Many developers are justifiably cautious about programming in the kernel. A decision to program in the kernel is not to be taken lightly. Kernel programmers have a responsibility to users that greatly surpasses that of programmers who write user programs.
Why You Should Avoid Programming in the Kernel
Kernel code must be nearly perfect. A bug in the kernel could cause random crashes, data corruption, or even render the operating system inoperable. It is even possible for certain errant operations to cause permanent and irreparable damage to hardware, for example, by disabling the cooling fan and running the CPU full tilt.
Kernel programming is a black art that should be avoided if at all possible. Fortunately, kernel programming is usually unnecessary. You can write most software entirely in user space. Even most device drivers (FireWire and USB, for example) can be written as applications, rather than as kernel code. A few low-level drivers must be resident in the kernel's address space, however, and this document might be marginally useful if you are writing drivers that fall into this category.
Despite parts of this document being useful in driver writing, this is not a document about writing drivers. In OS X, you write device drivers using the I/O Kit. While this document covers the I/O Kit at a conceptual level, the details of I/O Kit programming are beyond the scope of this document. Driver writers are encouraged to read IOKit Fundamentals for detailed information about the I/O Kit.

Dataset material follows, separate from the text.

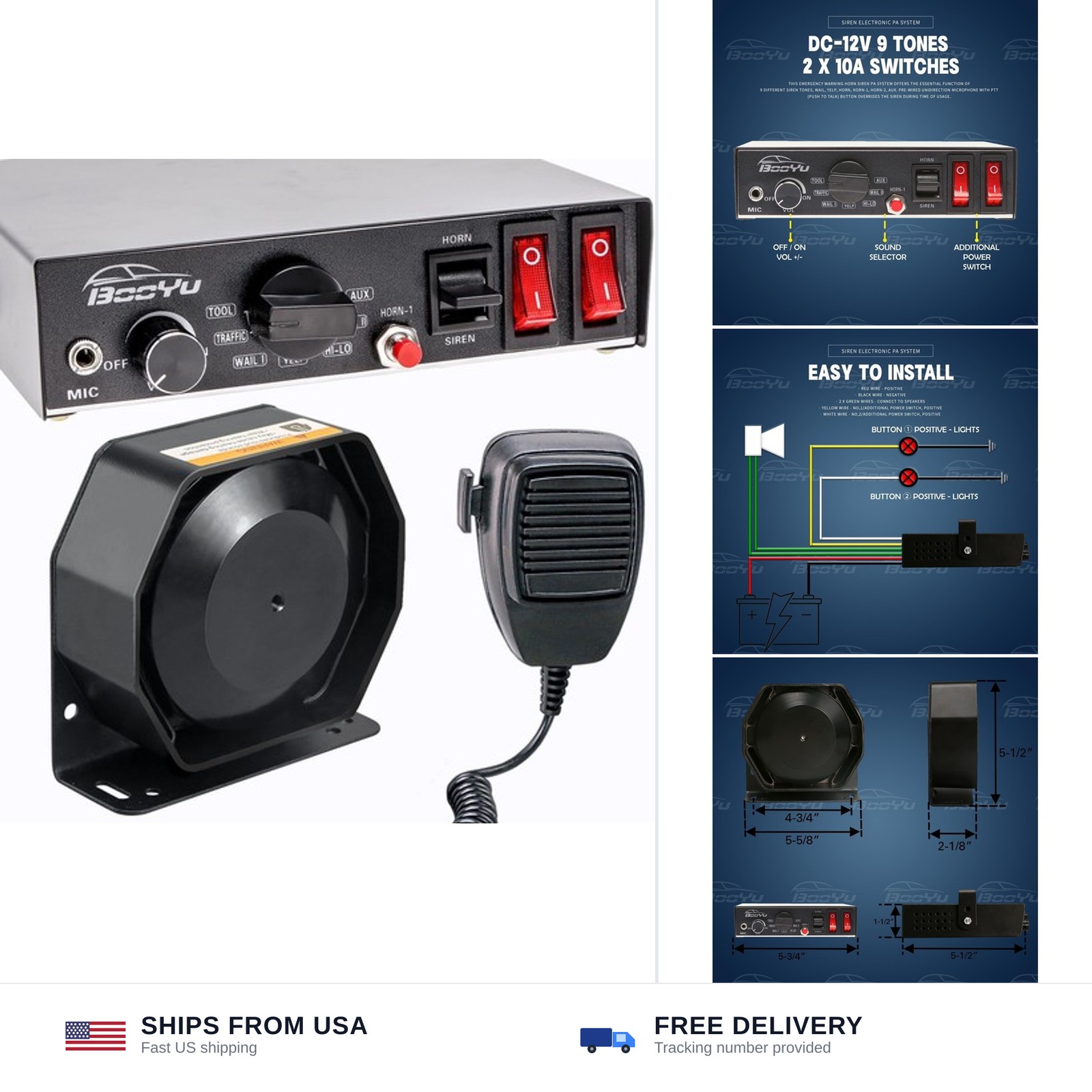 12V 200W 9 Tone Slim Speaker Emergency Siren PA System for Vehicles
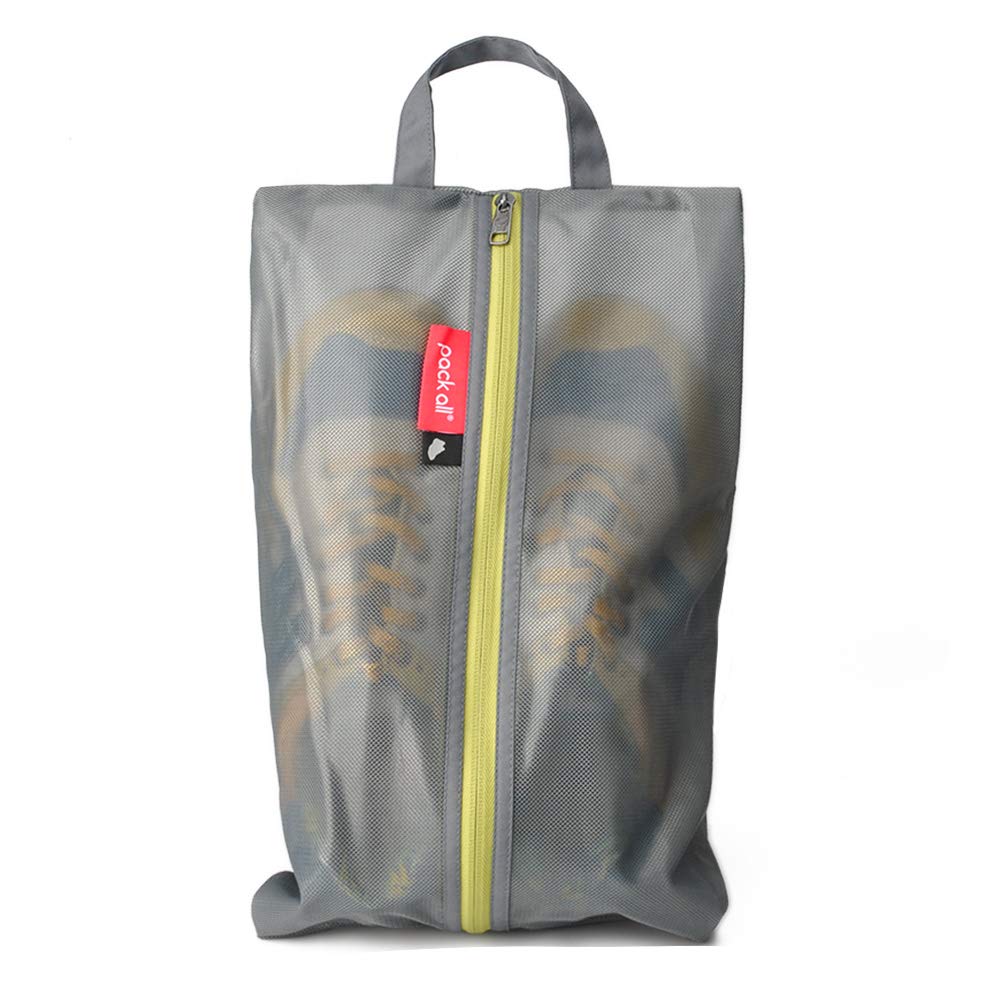 pack all Shoe Bag for Travel, Water-Resistant Shoe Pouch for Gym, Odor-Resistant Soccer Cleats Bag for Sport (Grey, 1-Pack)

This document covers most aspects of kernel programming with the exception of device drivers. Covered topics include scheduling, virtual memory pagers and policies, Mach IPC, file systems, networking protocol stacks, process and thread management, kernel security, synchronization, and a number of more esoteric topics.
To summarize, kernel programming is an immense responsibility. You must be exceptionally careful to ensure that your code does not cause the system to crash, does not provide any unauthorized user access to someone else’s files or memory, does not introduce remote or local root exploits, and does not cause inadvertent data loss or corruption.